Once you've found an acceptable configuration for your render target, store it (egl_conf = egl_configs[i];) and stop looking. Clean up any resources you created to support your search.

Create a rendering context

Now that you've established your EGL display and your configuration, you can call eglCreateContext() to actually create the context. For example:
EGLContext egl_ctx;
egl_ctx = eglCreateContext(egl_disp, egl_conf, EGL_NO_CONTEXT, NULL);

Create EGL Surface

Use the render target that you've created (e.g., a native Screen window) to create an EGL surface. The EGL surface extends your native window with additional auxiliary buffers if necessary. These auxiliary buffers may refer to color, depth, or stencil. Use the same display and configuration for the EGL surface as you used to create your render target.

EGLSurface egl_surf;
	struct {
		EGLint render_buffer[2];
		EGLint none;
	} egl_surf_attr = {
		.render_buffer = { EGL_RENDER_BUFFER, EGL_BACK_BUFFER }, /* Ask for double-buffering */
		.none = EGL_NONE                                         /* End of list */
egl_surf = eglCreateWindowSurface(egl_disp, egl_conf, screen_win, (EGLint*)&egl_surf_attr);

Make your rendering API calls

Bind your render target

Use eglMakeCurrent() to bind your render target and your read/draw surfaces to the current thread.

eglMakeCurrent(egl_disp, egl_surf, egl_surf, egl_ctx);

The display and context are just those that you've established in your previous steps. The draw surface is your EGL surface you've created by specifying your render target. It's used for all GL operations except for any pixel data readbacks. GL operations that read pixels are taken from the framebuffer of your read surface. The read and draw surfaces are typically one and the same.
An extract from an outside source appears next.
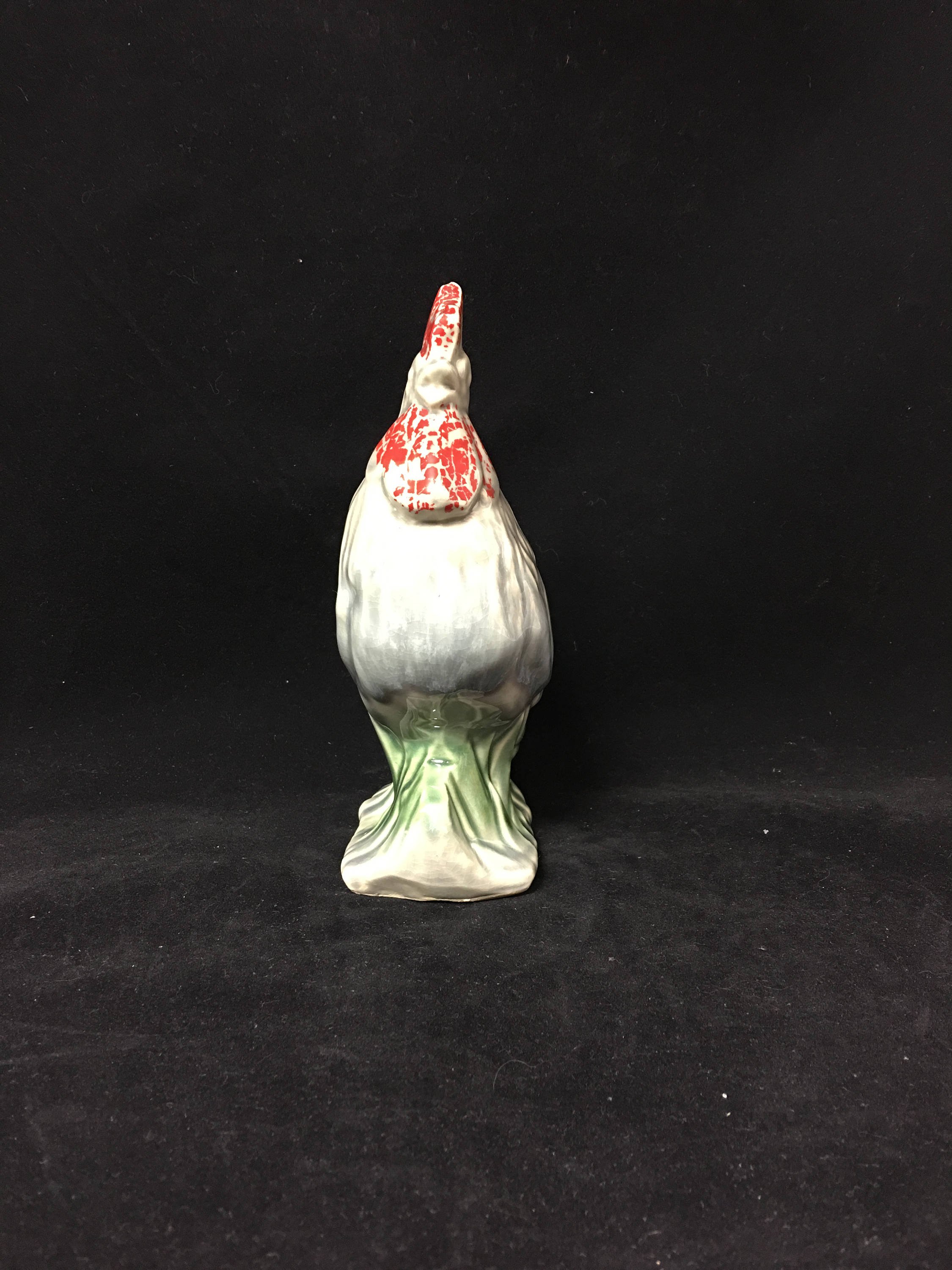 Vintage McCoy Cold Painted Rooster Planter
At this point, you can start rendering as part of your main application loop.

Post your image

Unlike software rendering, you use eglSwapBuffers() to post your new frame -- even if you're not using multiple buffers.
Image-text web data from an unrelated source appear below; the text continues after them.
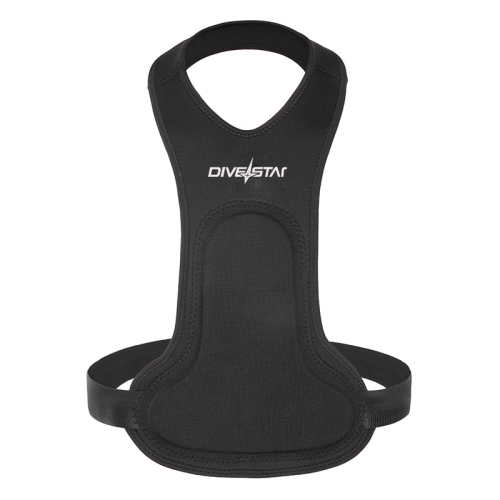 

DIVESTAR Hunting Fish Breast Pad Diving Thicken Diving Suit, Size: Free Size(Black)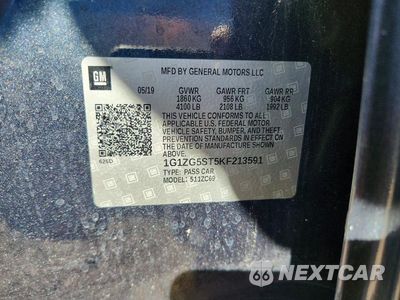 Zdjęcie 12 z 12 samochodu: 2019 CHEVROLET MALIBU RS VIN:1G1ZG5ST5KF213591 - miniatura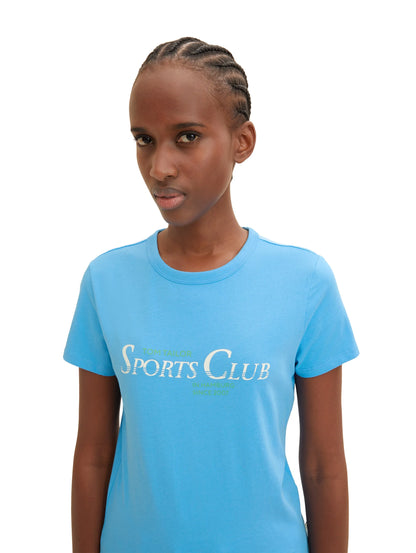 Denim Tom Tailor Rainy Sky Blue Women T-Shirt with a Print SKU: 1035364_18395 Image 05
eglSwapBuffers(egl_disp, egl_surf);

Notice that unlike with software rendering, you don't have the option to specify dirty rectangles with eglSwapBuffers() as you did with screen_post_window(), or screen_post_stream(). If your application needs to specify a region of dirty rectangles in its request for a buffer swap, there is an EGL extension (EXT_swap_buffers_with_damage) that Screen supports. You'd use this extension to allow Screen to optimize the amount of compositing it needs to do when your application is animating only a small region of the rendering surface.

With hardware rendering, the time it takes to return from a swap buffer request depends on the GPU architecture of your hardware. When the rendering starts and stops, and when the actual post occurs all depend on the architecture of the GPU.